Wednesday, 13 February 2013

Ash

Each year, when the season of Lent comes around, I do my best to make a few resolutions: generally in the form of giving up unnecessary treats, denying myself extravagant luxuries, and seeking to make the world a cheerier place by having a go at whatever good deeds come to hand. Spurning chocolate in its many and varied forms is one resolution I usually have a go at, when I'm feeling particularly enthused. It is curious why so many people choose to abstain from chocolate, almost as if it is personally to blame for the lack of spirituality and general moral decline of the modern world. After all, it is quite a big thing to blame on a simple piece of chocolate. You can imagine it develops something of a complex, believing all of creation's ills lie at its feet. But I suppose the point is not that chocolate is the fountain of all evil (although I sometimes think that about white chocolate), but that a period of simple self-denial, as opposed to continual over-indulgence, helps us to reflect on our inner selves and the importance we attach to material things during our journey through life; which can't be a bad thing.

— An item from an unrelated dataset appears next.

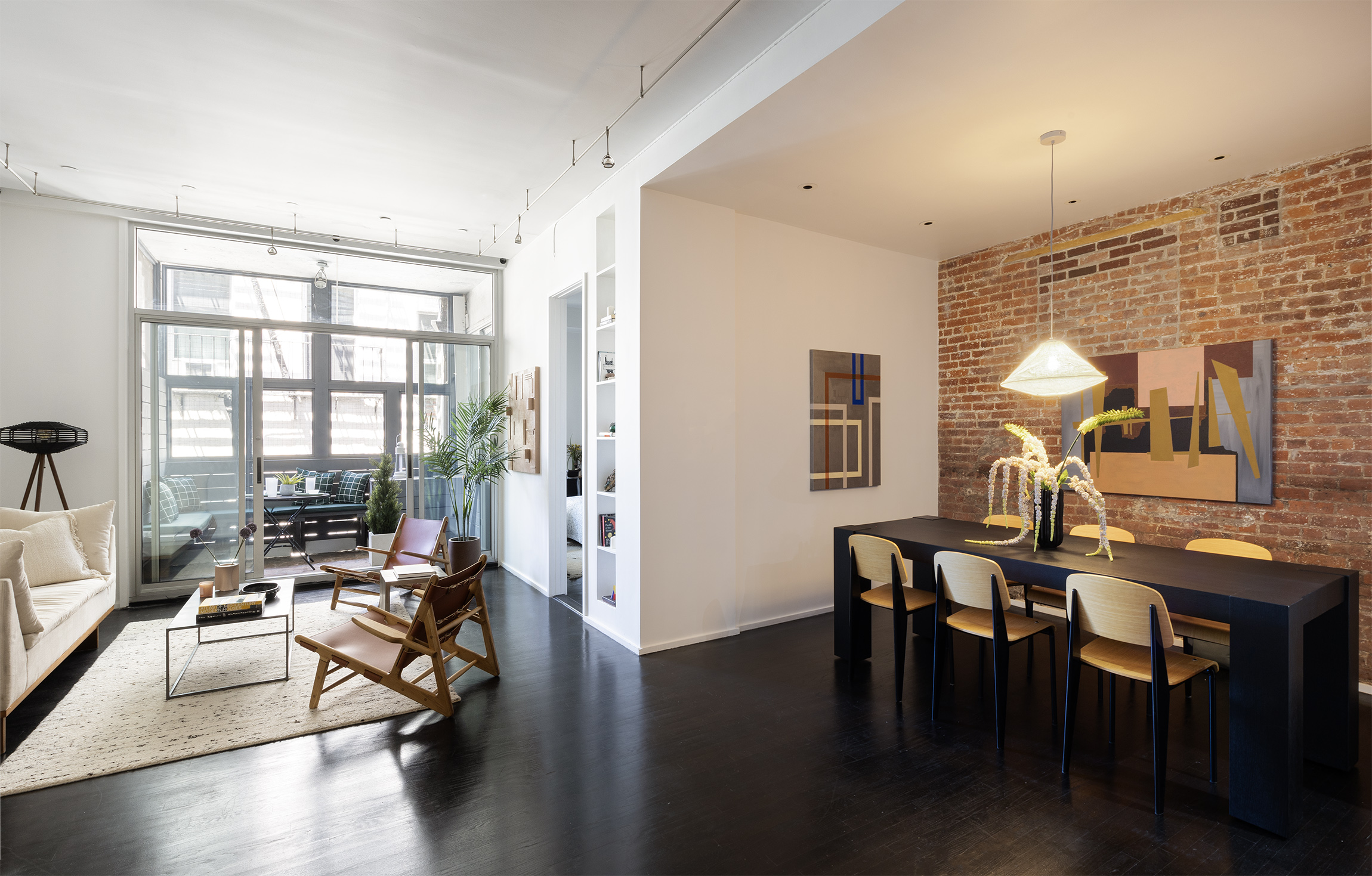 a living room with furniture a wooden floor and a large window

I don't always succeed. The house is littered with temptation. (I mean, nice things to eat, in case you were concerned what other forms of temptation I might have strewn about.) I can still see remnants of edible Christmas gifts by the window, and even my daughter's uneaten Hallowe'en treats. It is difficult to stare at these things for the next six weeks without breaking down at some point, usually when my spirits are at a particularly low ebb. Perhaps I should hide it all in a cupboard. Or melt it down and make a very large refrigerator cake. And then hide that in a cupboard.